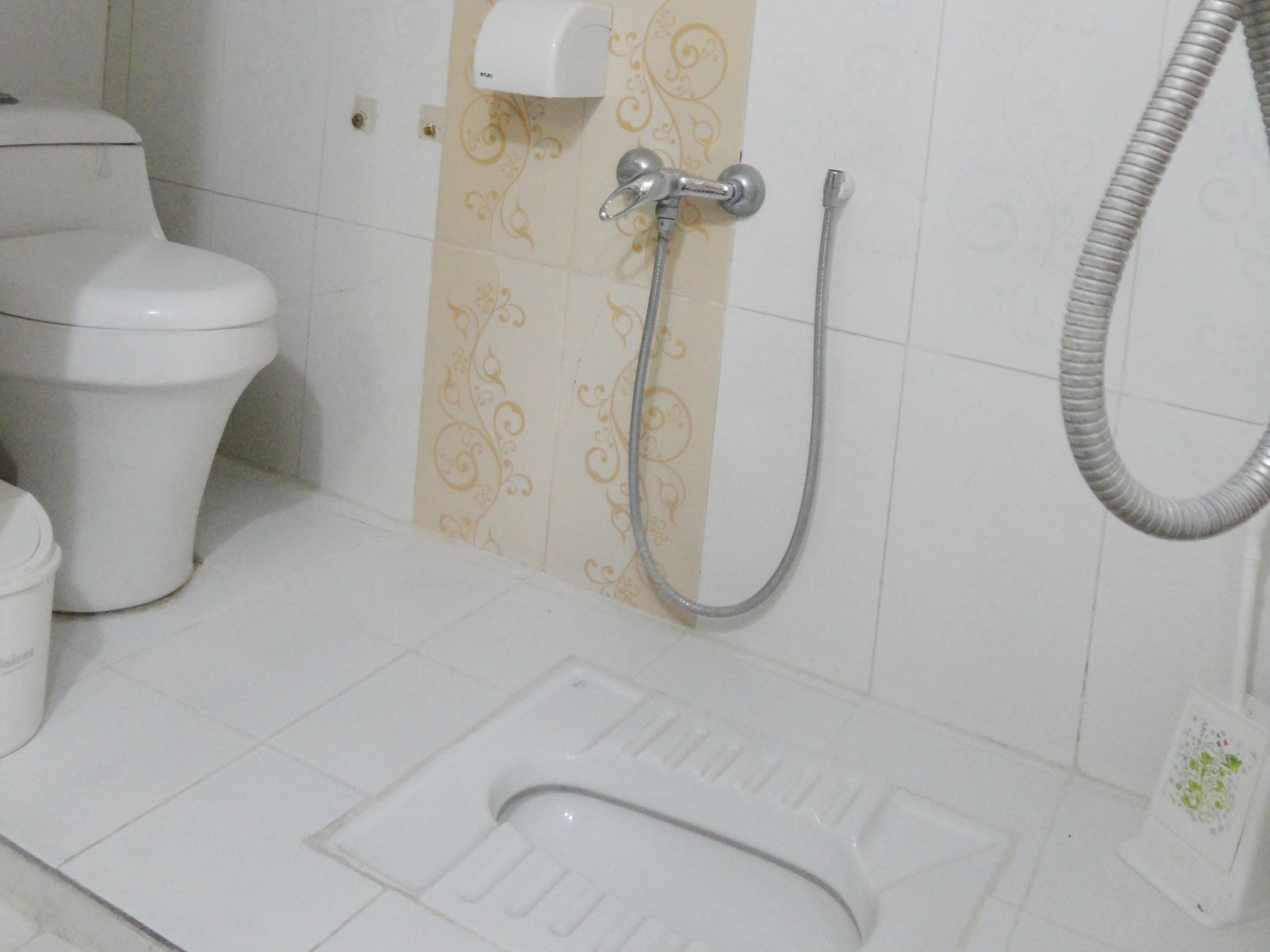 سرویس بهداشتی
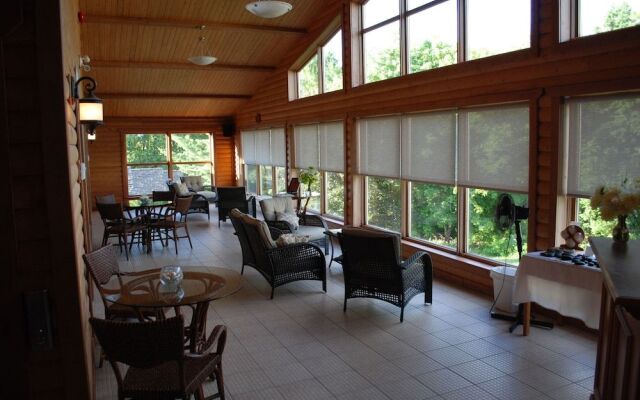 Auberge de la Vallée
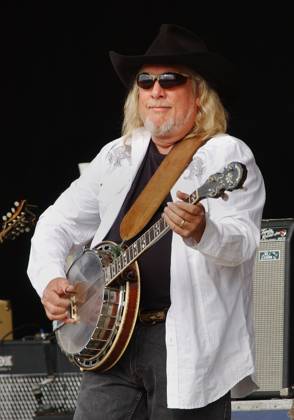 John Anderson - Jamboree In The Hills 2009 July 16, 2009 - Morristown, OH, U.S. - 19 July 2009 - Morristown, OH - Country music legend JOHN ANDERSON performs as a part of day four of Jamboree In The Hills 2009 with some lucky fans that he picked out of the crowd. Jamboree In The Hills 2009, referred to as the Superbowl of Country Music, is a four day Country Music Festival established in 1977 with over 100,000 people in attendance. Photo Credit: Jason L. Nelson AdMedia Copyright: xJasonxL.xNelsonx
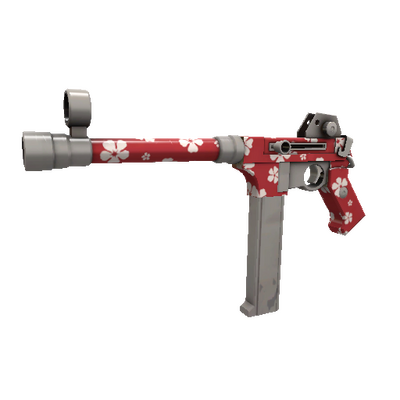 Strange Bloom Buffed SMG (Factory New)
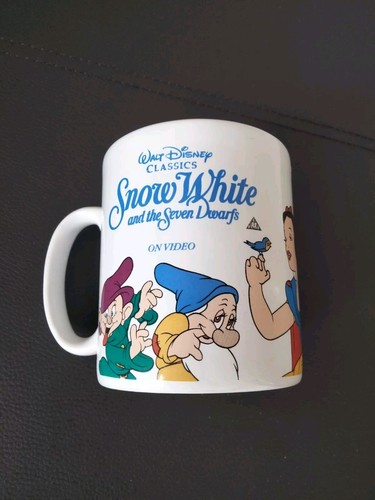 Mug walt disney - snow, white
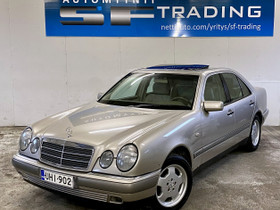 Mercedes-Benz E, Autot, Äänekoski, Tori.fi Mercedes-Benz E, Autot, Äänekoski, Tori.fi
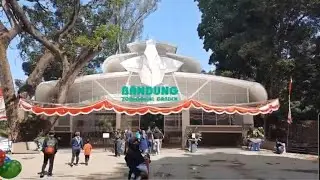 NEW NORMAL...!!! BANDUNG ZOO KEBUN BINATANG BANDUNG KEMBALI DIBUKA GUYS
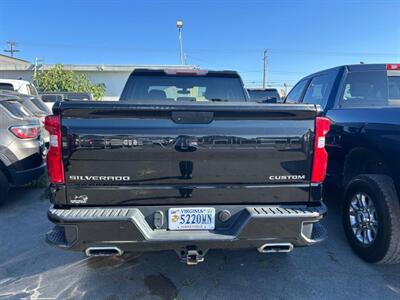 2019 Chevrolet Silverado 1500 Custom Trail Boss - Photo 5 - Riverside, CA 92508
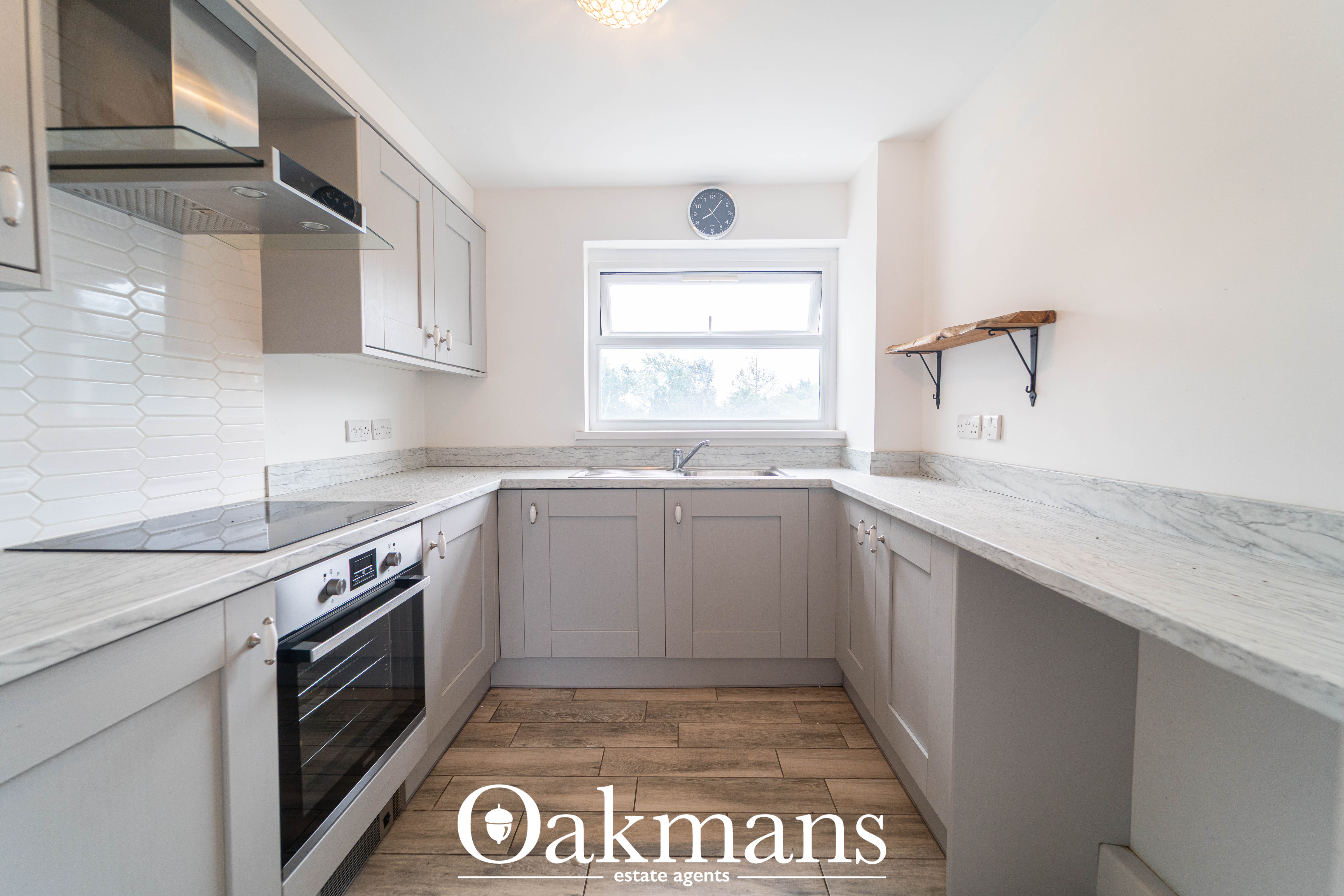 Harwood Grove, Solihull, B90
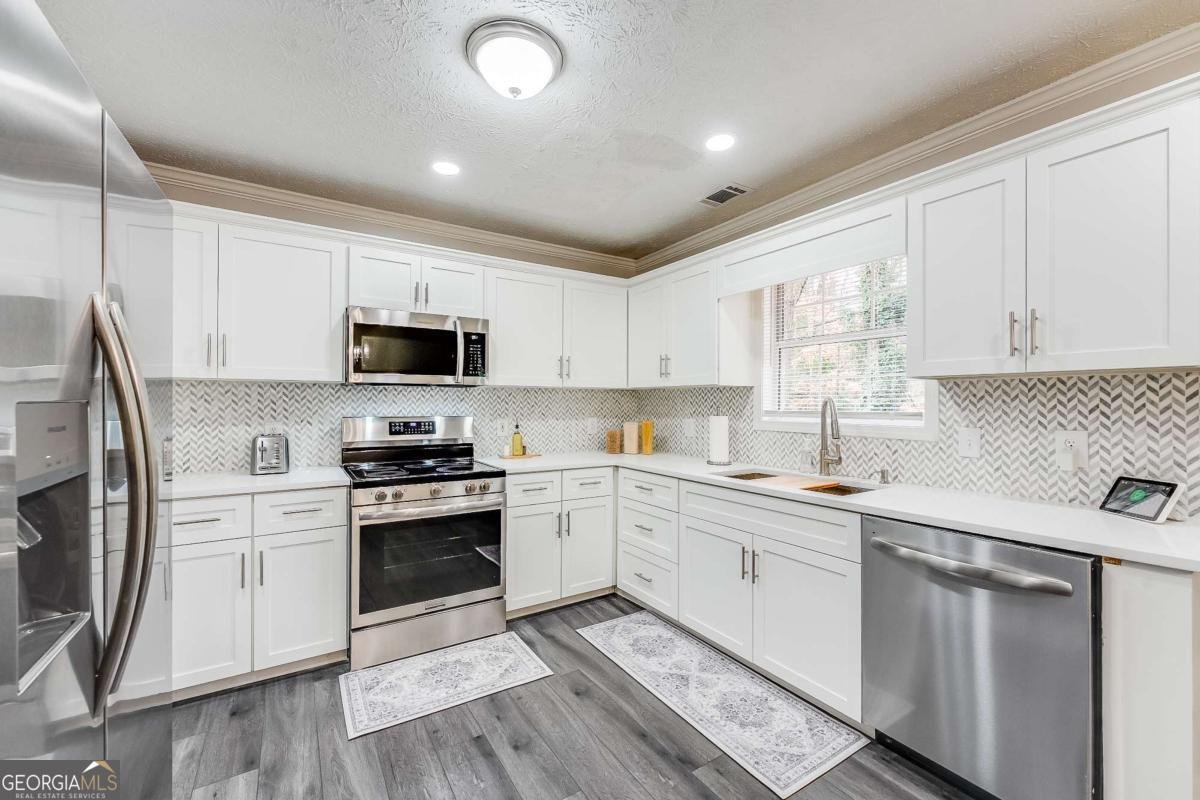 1343 Willow Trail Atlanta - Photo 10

## WORK TO BE COMPLETED
Pictures are not part of the copy; reproduce everything else in the records exactly.

## YOUR SOLUTION
 سرویس بهداشتی
 Auberge de la Vallée
 John Anderson - Jamboree In The Hills 2009 July 16, 2009 - Morristown, OH, U.S. - 19 July 2009 - Morristown, OH - Country music legend JOHN ANDERSON performs as a part of day four of Jamboree In The Hills 2009 with some lucky fans that he picked out of the crowd. Jamboree In The Hills 2009, referred to as the Superbowl of Country Music, is a four day Country Music Festival established in 1977 with over 100,000 people in attendance. Photo Credit: Jason L. Nelson AdMedia Copyright: xJasonxL.xNelsonx
 Strange Bloom Buffed SMG (Factory New)
 Mug walt disney - snow, white
 Mercedes-Benz E, Autot, Äänekoski, Tori.fi Mercedes-Benz E, Autot, Äänekoski, Tori.fi
 NEW NORMAL...!!! BANDUNG ZOO KEBUN BINATANG BANDUNG KEMBALI DIBUKA GUYS
 2019 Chevrolet Silverado 1500 Custom Trail Boss - Photo 5 - Riverside, CA 92508
 Harwood Grove, Solihull, B90
 1343 Willow Trail Atlanta - Photo 10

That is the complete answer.